Der Wiener Sportklub bleibt damit in der Tabelle zwar vor der Vienna, aber liebe Freunde aus Hernals: Die Vienna ist als einer von nur mehr drei Klubs immer noch ungeschlagen: Und: Wir sehen uns im Frühjahr wieder …
Fanansturm führt zu Warteschlagen und verspäteten Ankick
Es hat alles gepasst an diesem historischen Freitag, den 22. Die Vorzeichen waren perfekt (der Wiener Sportklub konnte bereits zu Wochenbeginn gegen Admiras Amateure einen Sieg einfahren, die Vienna ging unbesiegt ins Spiel), der Wettergott spielte mit, die Fans beider Lager strömten in Scharen in die Kult-Naturarena.
Dass sie dabei längere Wartezeiten beim Eingang in Kauf nehmen mussten, liegt in der Natur der Sache. Wenn knapp 6000 Fußballfans (gefühlt waren es gut tausend mehr) dabei sein wollen, wenn die Blau-Gelben aus Döbling und die Schwarz-Weißen aus Hernals die Klingen kreuzen, dann kommt es eben zu einem Stau vor dem Stadioneingängen.
Gut 99 Prozent hatten damit auch kein Problem und zeigten Geduld und Verständnis. Dies tat auch das Schiedsrichterteam rund um Aldin Hasanovic, das aus der Steiermark angereist kam.
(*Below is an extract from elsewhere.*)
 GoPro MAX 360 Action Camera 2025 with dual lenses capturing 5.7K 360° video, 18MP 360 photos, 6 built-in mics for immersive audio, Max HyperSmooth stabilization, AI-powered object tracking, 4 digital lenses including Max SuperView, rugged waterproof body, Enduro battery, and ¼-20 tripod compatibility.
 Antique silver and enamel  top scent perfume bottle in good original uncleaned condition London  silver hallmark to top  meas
Der Anpfiff wurde um eine akademische Viertelstunde verschoben, damit möglichst viele vom Ankick weg den Protagonisten auf die Beine schauen konnten.
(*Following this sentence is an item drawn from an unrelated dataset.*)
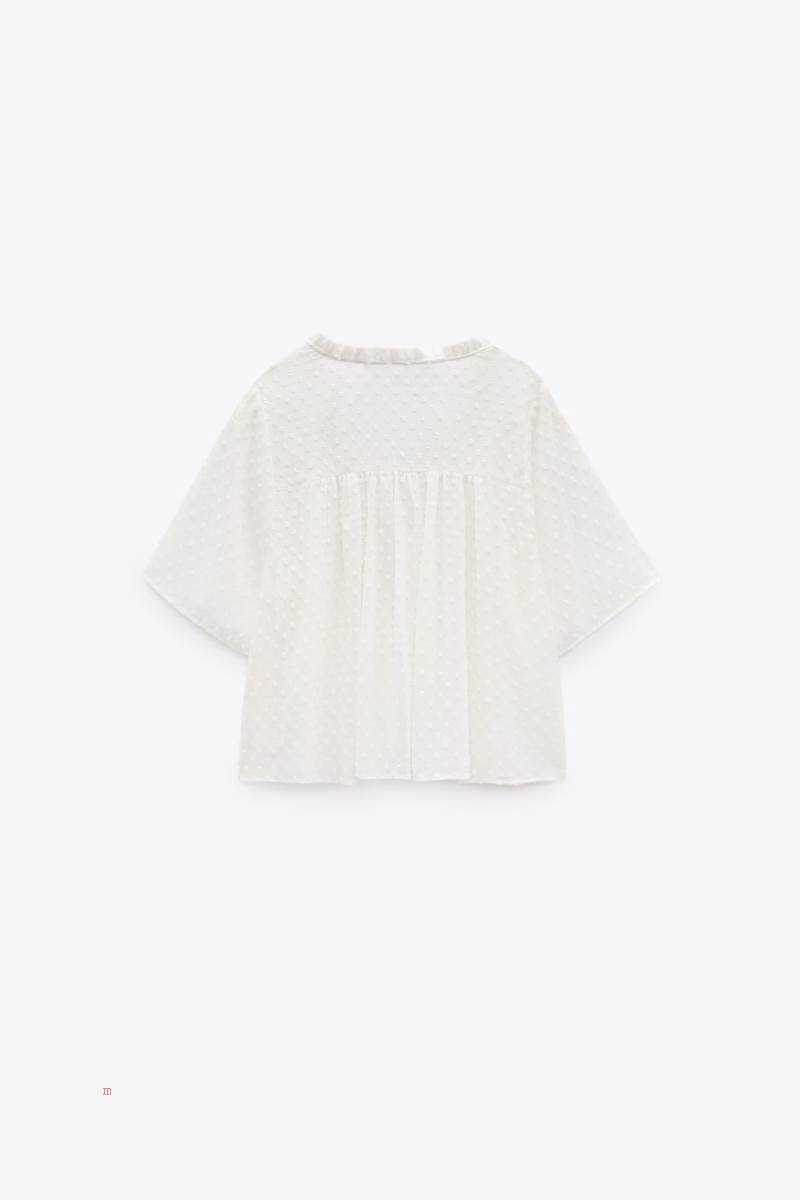 ZARA PLUMETIS WITH LACE TRIM Blusar Dam Grå Vita | TEDMO-4318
Der Sportklub wusste, was sich gehört
Jene, denen es erst gelang, im Verlaufe der ersten Halbzeit in die Naturarena vorzudringen, versäumten nicht viel. Zumindest kein Tor. Die Vienna begann etwas zielstrebiger, überließ aber nach einer knappen Viertelstunde den Gästen aus Dornbach das Spiel. „Gastfreundschaft auf Döblinger Art“ eben. Wenn man sich Gäste, noch dazu befreundete, einlädt, dann lässt man sie auch spielen. Das gehört sich einfach so.
Und da die Spieler rund um Kapitän Sertan Günes auch „brave“ Gäste waren, wussten sie, wie man sich für Gastfreundschaft bedankt. Sie ließen ihre durchaus vorhanden Chancen ungenützt. Denn: Tore schießen, wenn man auf einem Geburtstagsfest eingeladen ist – das geht gar nicht!
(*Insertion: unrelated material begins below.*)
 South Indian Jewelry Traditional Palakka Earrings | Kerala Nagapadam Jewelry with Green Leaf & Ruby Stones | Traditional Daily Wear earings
Gutes Benehmen wieder gefragt – auch bei einem Elfmeter
Wie man sich zu benehmen hat, wenn man beim 120-jährigen Jubiläum des ältesten und kultigsten Fußballklubs Österreichs gastiert, wusste auch Rafael Pollack, der nach exakt einer Stunde den Ball bei einem Foulelfmeter (Vienna-Kapitän Dominik Rotter hatte zwar nicht in Suarez-Manier zugebissen, aber doch etwas zu energisch einen Sportkluberer im Strafraum von den Beinen geholt) millimetergenau an den linken Pfosten setzte.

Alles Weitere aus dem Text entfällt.